Soda tax sought for scholarships
HELENA (AP) - Student government lobbyists have come up with an idea to provide a $1,000-a-year renewable scholarship to a Montana public college for nearly every Montana high school student.
The students persuaded several key legislators to co-sponsor a bill that would refer the scholarship program, supported by a tax on soda pop, to Montana voters for approval in the November 2004 election.
House Bill 760, to create the Montana Citizen Scholarship Program, was introduced Friday and referred to the House Taxation Committee.
Its chief sponsor is Rep. Tim Dowell, the Democratic minority whip. The 18 co-sponsors include such prominent Republicans as House Speaker Doug Mood, Majority Leader Roy Brown and House Appropriations Chairman Dave Lewis.
It was Lewis, in fact, who suggested that the student lobbyists consider a tax on soft drinks to pay for a scholarship program, said Will Hammerquist, lobbyist for MSU students.
''He said there is a natural connection because students drink a lot of pop,'' Hammerquist told the Great Falls Tribune.
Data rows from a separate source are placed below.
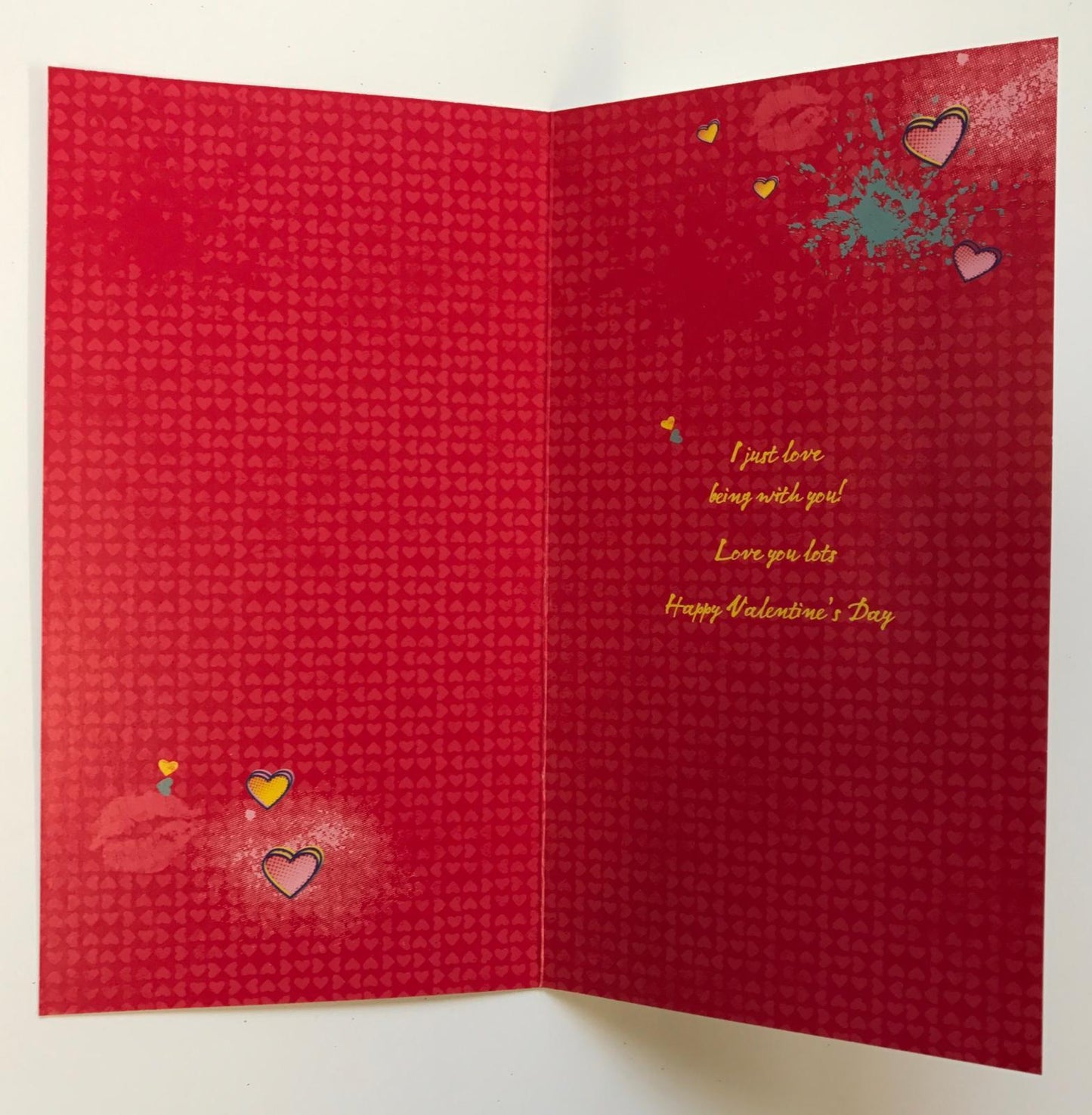 Beautiful Girlfriend Sweet Cupcake Me To You Bear Valentine's Day Card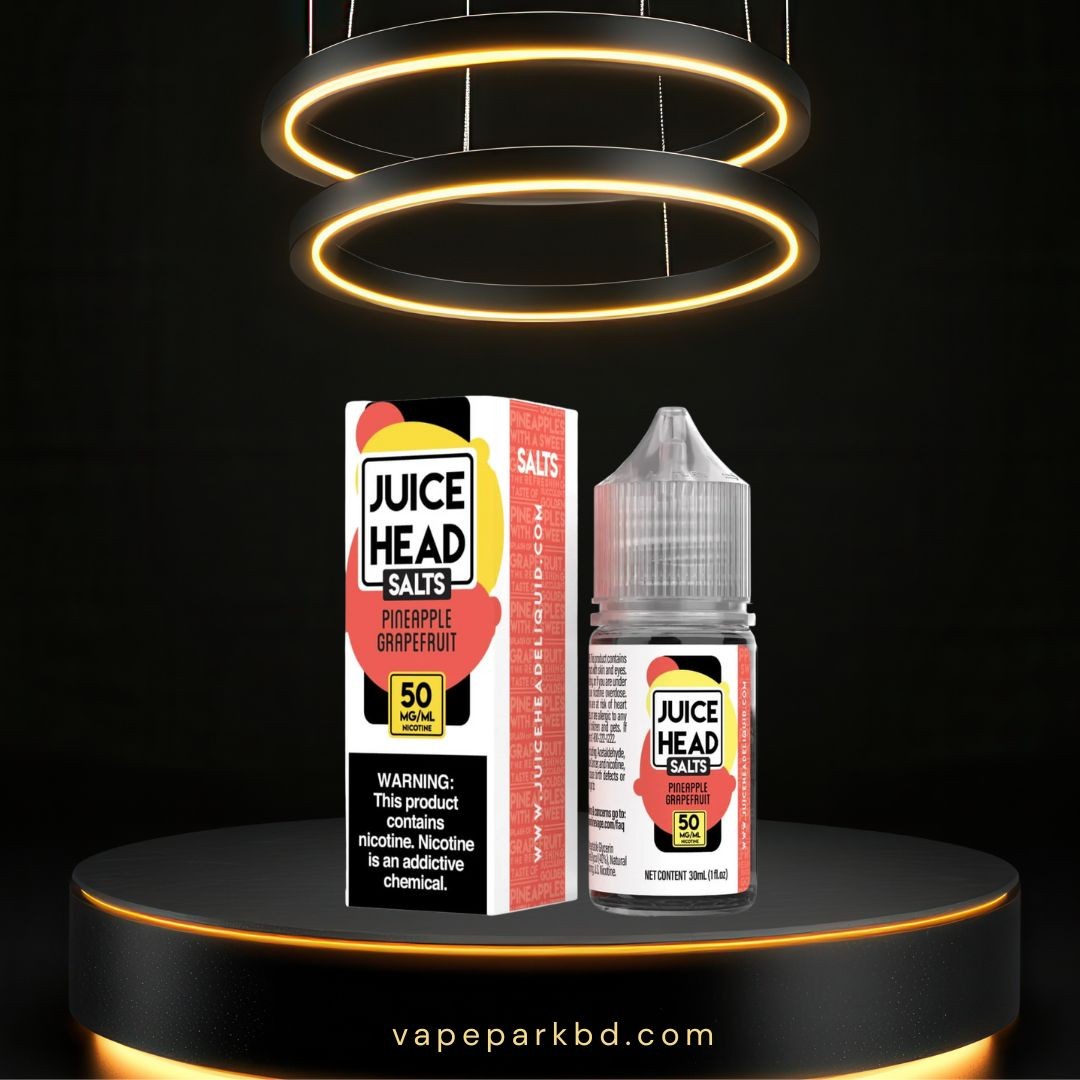 Juice Head Salt - Pineapple Grapefruit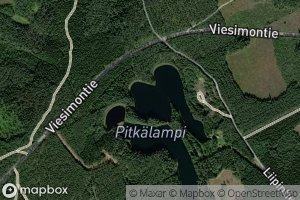 Pitkalampi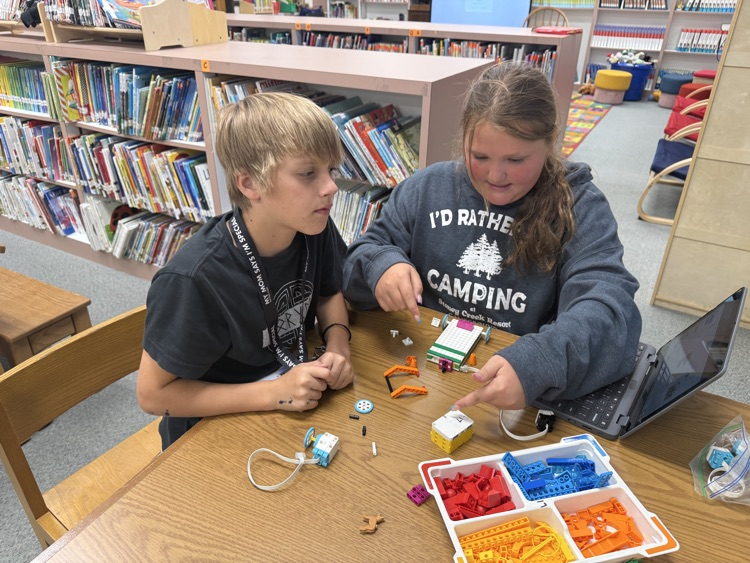 Lego Robotics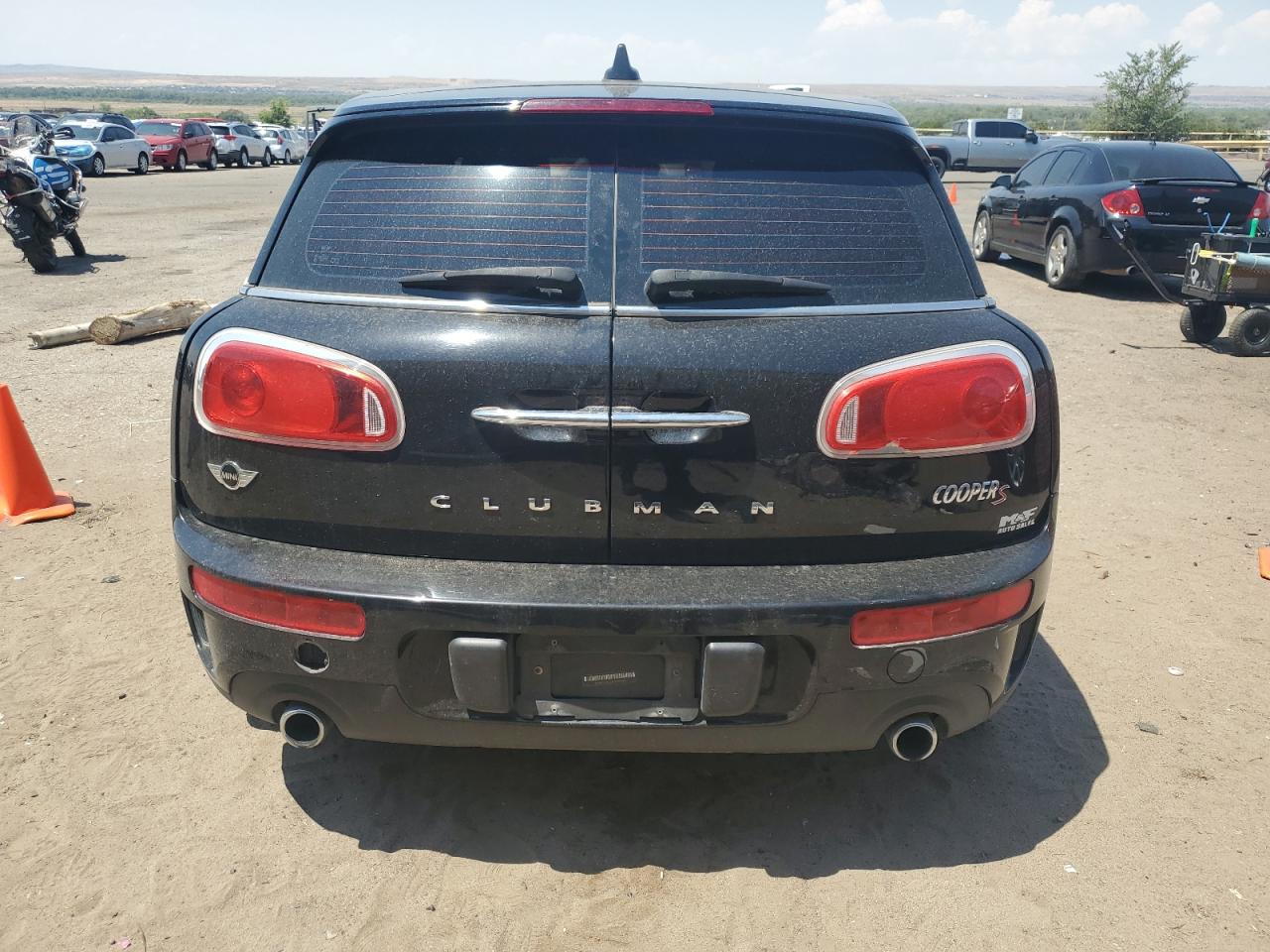 2016 Mini Cooper S Clubman VIN: WMWLN9C5XG2B31462 Lot: 68651335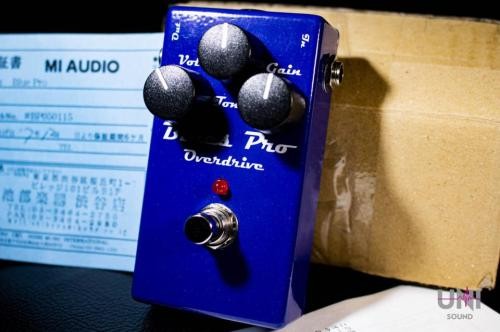 MI AUDIO Blues Pro Overdrive Tracking number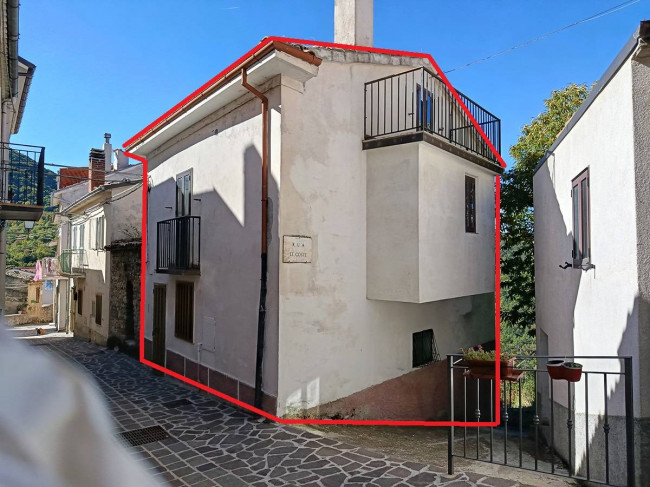Casa a schiera in Vendita a Roio del Sangro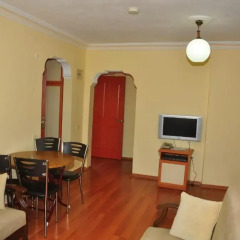 Çinar Family Suite Hotel 3* Люкс с различными типами кроватей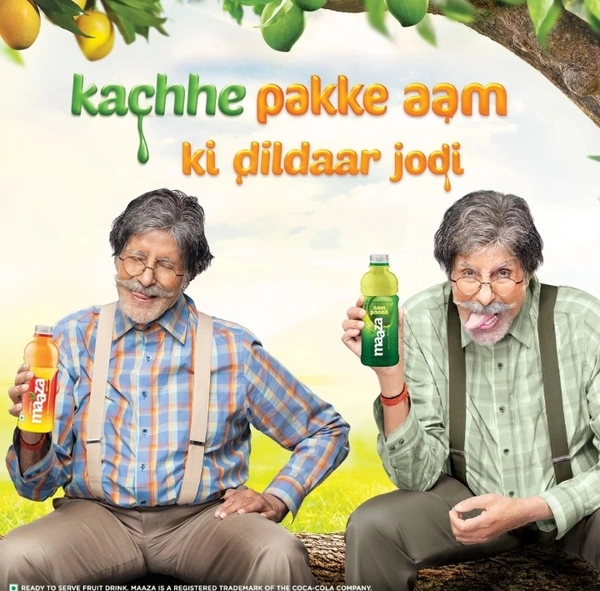 Maaza (1.75Ltr.) - 6 Bottles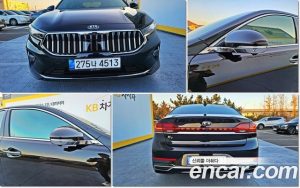 Kia K7 2.5 GDI X Edition 2020 года из Южной Кореи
Hammerquis has been working on the idea with Sara Cobler, a lobbyist for the University of Montana.
Eric Feaver, president of the MEA/MFT teachers union, suggested a referendum to give voters a chance to support Montana college students.
Hammerquist took it from there, researching and combining successful programs from two other states.
Georgia is seeing more of its high school students go to college and more stay at in-state schools since it adopted a similar scholarship program, he said. Arkansas implemented a soft-drink tax to support schools in 1993 and voters decided overwhelmingly to keep the tax the next year.
To be eligible, a high school student would have to be a Montana resident, maintain a 2.5 grade point average (C-plus) in their senior year and complete 24 hours of community service in their senior year. Nine out of 10 high school students, or about 4,000 a year, could be eligible, Hammerquist said.
Home-schooled students could qualify retroactively at the end of their freshman year of college.